Die Herstellungsart hat sich in den letzten Jahren ziemlich verändert. Dominik reiste nach Paris und lernte eine neue Machart kennen. Mein Mann hatte noch Einzelanfertigungen gemacht, doch Dominik ist an einer grösseren Produktionsmenge interessiert. Er schwärmt von den grossen Maskenfabriken in Paris und träumt selbst eine aufzubauen. Eine kleinere Version davon ist ihm gelungen. Wenn Sie sagen, dass die Masken hundert Jahre später auch noch produziert werden, war seine Intension wohl richtig.“ Sie lächelt zufrieden. „Möchten Sie Dominik Kälin in seiner Werkstatt besuchen?“
Ich nicke: „Wenn das möglich ist?“
„Sicher, wir haben ja kurz vor Fasnacht, da gibt es viel zu tun. Sie kennen die Arbeit ja. Wenn Sie wollen, können Sie ihm vielleicht aushelfen.“ Wir lachen. Lustiger Gedanke.
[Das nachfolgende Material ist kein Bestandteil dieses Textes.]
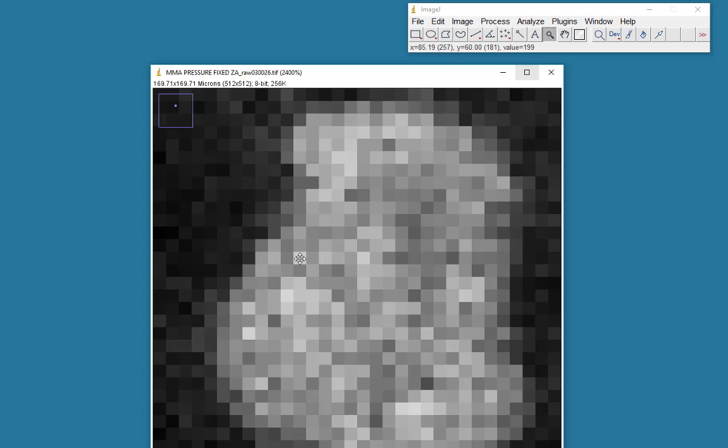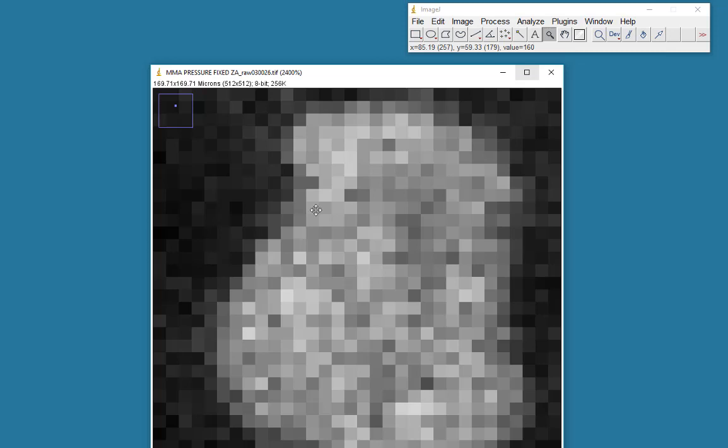And what we do is we color those pixels dependent on the intensity value. So in this case, as you can see, the pixels have different shades of grey, which are determined by the intensity. So in this image, there is an 8-bit image. There are 256 values. We're using a grayscale lookup table, and therefore this image has 256 different shades of grey.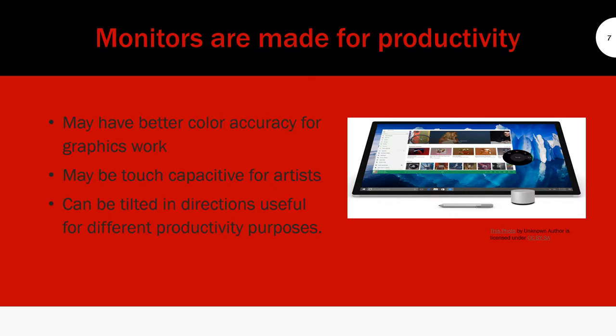Monitors are made for productivity. They may have better color accuracy for graphics work. One of the nicer ones—this looks like a tablet, but Microsoft has been putting out a lot of products that you can write on. This has a little dial which looks like one of those Surface desktops. It's like an all-in-one computer where you have the processor and storage on the actual monitor. It's really nice because this one has a graphics card and such good color accuracy.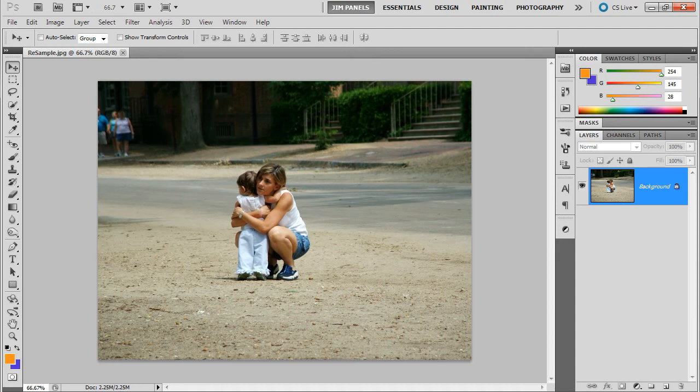Welcome. In this video we're going to show you how to resample an image. Now resampling actually creates a different number of pixels in the image.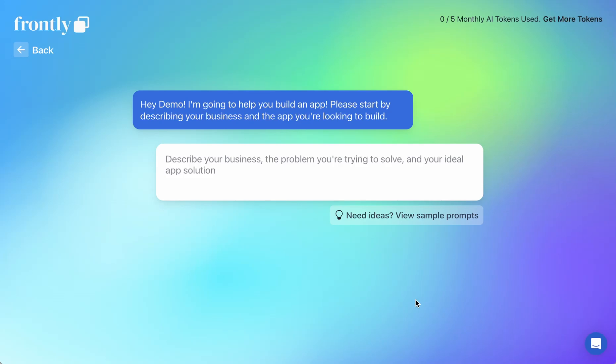Hey, this is Patrick from Frontly. Today, I'm going to talk about how to get the most out of our AI generation prompting system.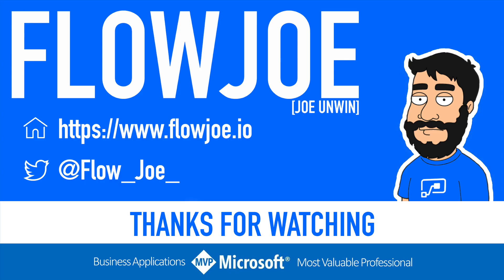That's it from me FlowJoe. Check out my blog at flowjoe.io for more guides on the Power Platform and don't forget to subscribe to my YouTube channel and hit that like button if you enjoyed the video. Thanks for watching.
„Seine Werkstatt befindet sich nur zwei Minuten von hier. Ich kann Sie leider nicht begleiten, ich erwarte noch Kunden.“
Ich stehe auf. Ziehe meine Jacke an.
„Es hat mich sehr gefreut Sie kennen zu lernen. Wenn Sie wollen, können Sie mich in meiner Werkstatt besuchen.“
„Vielen Dank. Gerne nach der Fasnacht. Vielleicht kommt ja Dominik mit.“
„Das würde mich sehr freuen.“
Helena Oechslin führt mich zur Tür und wir verabschieden uns.
Der Schnee blendet. Blinzle. Auf gehts zu Dominik Kälin.